Run read-only environment health checks (Python, CodeCarbon, Ollama reachability, models present, hardware profile, database, baseline specs). Reports OK/WARN/FAIL per check and exits 1 if any check fails. Makes no changes.

puma env

Print the resolved PUMA environment: version, platform, active theme, detected hardware profile, and key paths.

puma preflight

Detect hardware, select the execution profile, and report readiness. Optionally writes config/runtime_profile.yaml.

puma datasets

Verify dataset integrity and show statistics.

puma prepare-datasets

Prepare the canonical datasets (jira_balanced_200, tawos, prioritization).

Models

puma models is a read-only sub-group that inspects the models available to PUMA via the local Ollama daemon. It never pulls or modifies models.

puma models list

List models pulled locally in Ollama (via /api/tags).

puma models list

puma models show <name>

Show details for one locally-pulled model (via /api/show).

puma models show qwen2.5:3b

Show the curated PUMA catalog with current local availability — useful to see which recommended models you still need to ollama pull.

Analysis

puma wilcoxon

Wilcoxon signed-rank pairwise comparison of two runs (non-parametric statistical validation). Reports the W statistic, two-sided p-value, significance marker, and effect size.

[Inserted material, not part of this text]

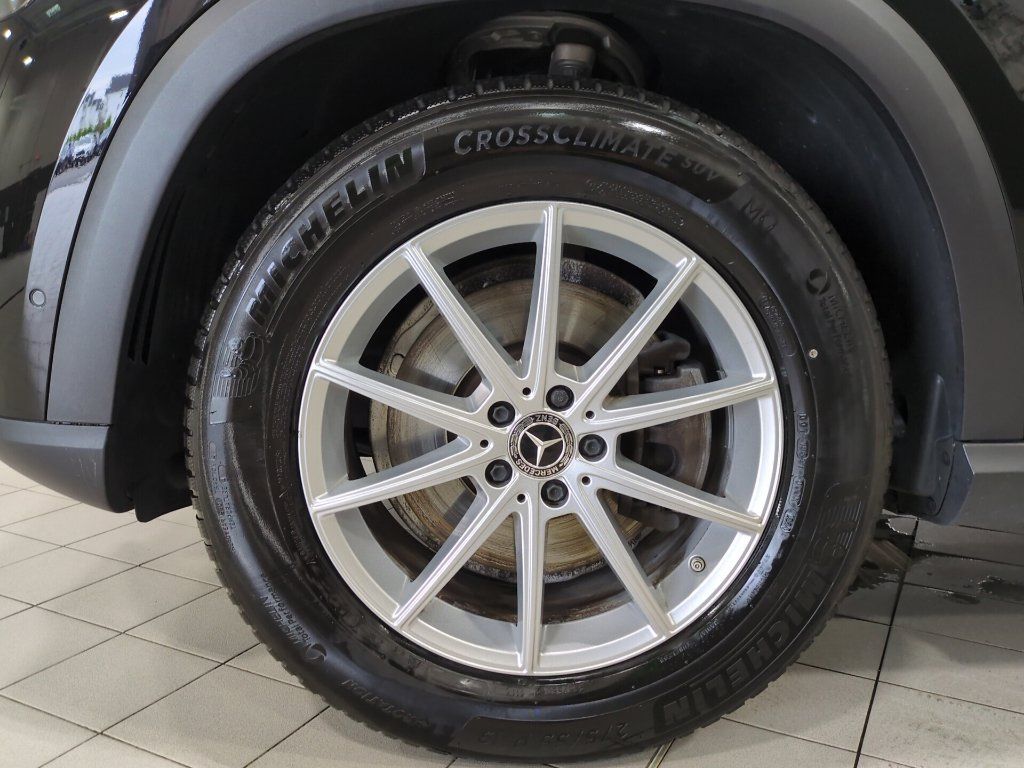 Used 2025 Mercedes-Benz GLE 350 4MATIC image 28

puma wilcoxon <run_id_a> <run_id_b> --metric f1_macro --alpha 0.05

puma bias-analysis

Bias analysis from perturbed runs already in the database (disparity, flip rates, directional comparison).

puma generate-plots

Generate consolidated plots from runs in the database (png/pdf/svg).

Database & cache

puma db

Manage the PUMA database schema (Alembic-driven migrations).

puma cache

Manage the inference cache.

puma dashboard

Launch the Streamlit dashboard for interactive visualization of runs and metrics.

puma dashboard   # then open http://localhost:8501

The dashboard includes a Multi-model view for comparing models on a single scenario side by side: headline metric with deltas (F1-macro for triage, MAE for estimation), per-metric bar charts (F1-macro, MAE, p95 latency, carbon), a full metrics table, and a reproducibility check on each model's prediction fingerprint. It reads only persisted results — no live inference.

Community & sharing

puma auth

Manage PUMA Community credentials (GitHub, Hugging Face, Zenodo, …). Tokens are stored with mode 0600; values are always masked in output.

Subcommand Description
puma auth login <service> Prompt for a token and store it securely.
puma auth status Show which services have a credential configured (masked).
puma auth logout <service> Remove the stored token (with confirmation).

puma share-results

Share a PUMA run with the PUMA Community — either a local dry-run package or a real pull request against pumacp/puma-community.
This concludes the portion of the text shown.